A four part Big Data Series:
Part 1: Big Data, GFS and MapReduce – Google’s Historic Contributions
Part 2: Hadoop - The Open Source Approach To Big Data Processing You Ought To Know
Part 3: MapReduce - The Big Data Crunching Framework
Part 4: MapReduce Framework - How Does It Work?
Big Data is the new buzzword; a name given to the enormous amount of data that is piling up over time at an unprecedented rate- and that rate is increasing explosively. This ever increasing volume of data is rather difficult to store, manage and analyze using common data base tools.
This data can be clearly divided into two major categories: human produced and machine generated.
Human produced data include:
- blog posts
- social media interactions
- videos, etc.
Machine generated data comes from:
- various kinds of server logs
- medical instrumentation such as X-rays, ECG, EEG, MRI, CT scans, etc.,
- weather monitoring sensors
- ocean mapping instrumentations
- seismic sensors
- various environmental and pollution monitoring systems
- sub-soil data logs related to oil and mineral explorations
- business transactions at all levels -retail to wholesale
- banking and finance sectors
- personal and activity monitoring devices and gadgets
- from space stations and space exploration vehicles
- radio telescopes
- research like large hadron colliders
- self quantification
- wearable technologies
- Internet of Things
- Plant and Industrial Networks, etc.
Combined together we are moving deeper into the data-age; producing either ourselves or through various machines and sensors a data tsunami the likes of which mankind has never witnessed before.
Big Data Characteristics
Big data is not only about the enormous size of the data; the data variety also varies wildly and it has a very high growth rate as well. Collectively Big Data characteristics are known in the industrial parlance as the three Vs of big data viz.,
- large Volume
- high Velocity (changing rapidly) and
- Varied type
The Big Data Question
The big question that is continuously challenging the storage industry, fertile minds and high intellects is how to have an infrastructure flexible enough to economically store this ever increasing volume of rapidly changing data of much varied types; and secondly, how to ascertain valuable insights-trends and patterns- that can help the businesses, the research, the industry and the mankind at large.

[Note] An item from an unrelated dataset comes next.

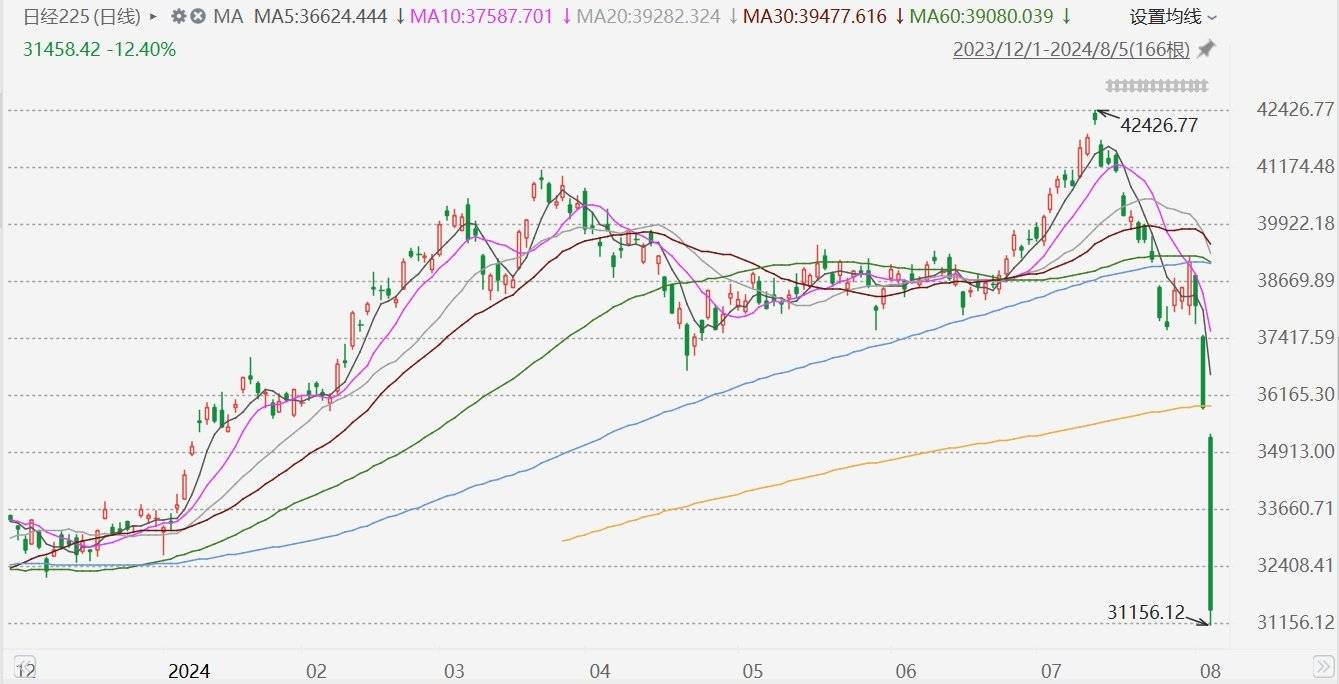 日股收跌12.4%，较7月份高点下跌超20%跌入熊市！暴跌4451点史上最大单日跌幅_搜狐网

The real challenge is to accomplish the storage and search at the web scale- a gigantic task indeed.
Google - GFS and MapReduce
The challenge to tame this eruption of big data was recognized and accepted by the data engineers at Google as early as late nineties and early 2000s. As a company on the path to becoming synonymous with global search, they were not only trying to tame this tsunami of big data, they were shooting for an even bigger goal: to do this using COTS (commercial off the shelf) machines so as to keep the cost as low as practically possible.
To solve the storage problem, the engineers at Google developed GFS- Google File System. It is scalable, distributed and suitable for large data-intensive applications that are of a distributed nature. In 2003, Google engineers, Sanjay Ghemawat, Howard Gobioff, and Shun-Tak Leung presented their research at the 19th “ACM Symposium on Operating Systems Principles” held in New York.
To help search and find the insights, Google engineers Jeffrey Dean and Sanjay Ghemawat presented the MapReduce Framework in the year 2004 at “OSDI’04: Sixth Symposium on Operating System Design and Implementation”, held at San Francisco in December.
Both these technologies - GFS and MapReduce- were proprietary technologies. They were there but to use them one has to either work for the big G or write the codes himself - a challenge too big for any one without matching resources.